Exercise aim: Nothing but the lines from the one with "Carburetor Repair Kit" through the end of the data should be set down, each exactly as written, and no picture should be included.

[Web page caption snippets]

# # # # # # #

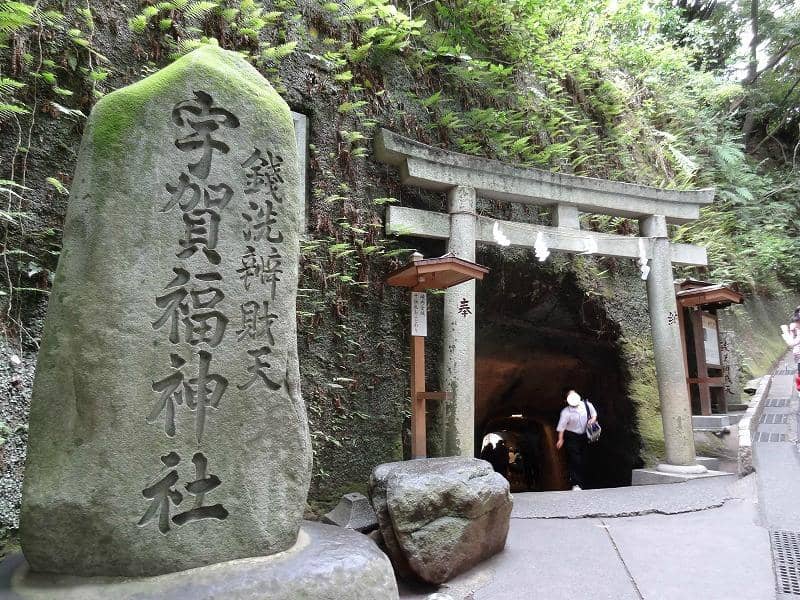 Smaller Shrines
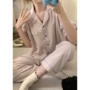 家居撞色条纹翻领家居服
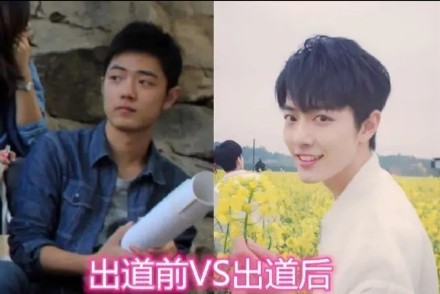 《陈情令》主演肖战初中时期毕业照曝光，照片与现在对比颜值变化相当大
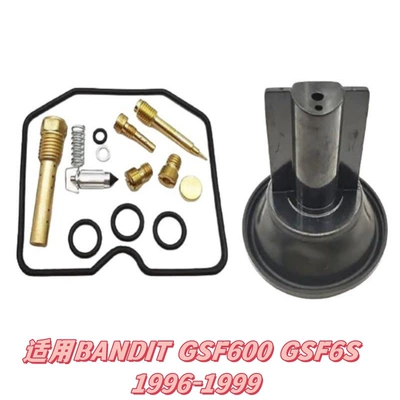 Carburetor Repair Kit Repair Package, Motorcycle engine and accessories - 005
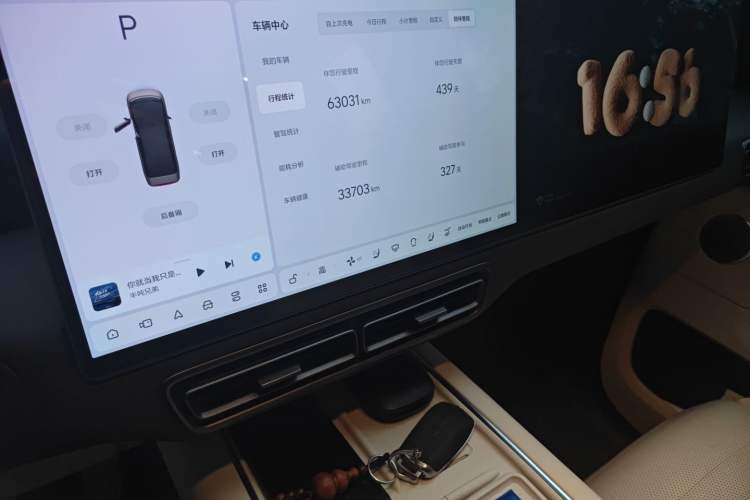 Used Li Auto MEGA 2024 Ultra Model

# # # # # # #

Task solution:
 Carburetor Repair Kit Repair Package, Motorcycle engine and accessories - 005
 Used Li Auto MEGA 2024 Ultra Model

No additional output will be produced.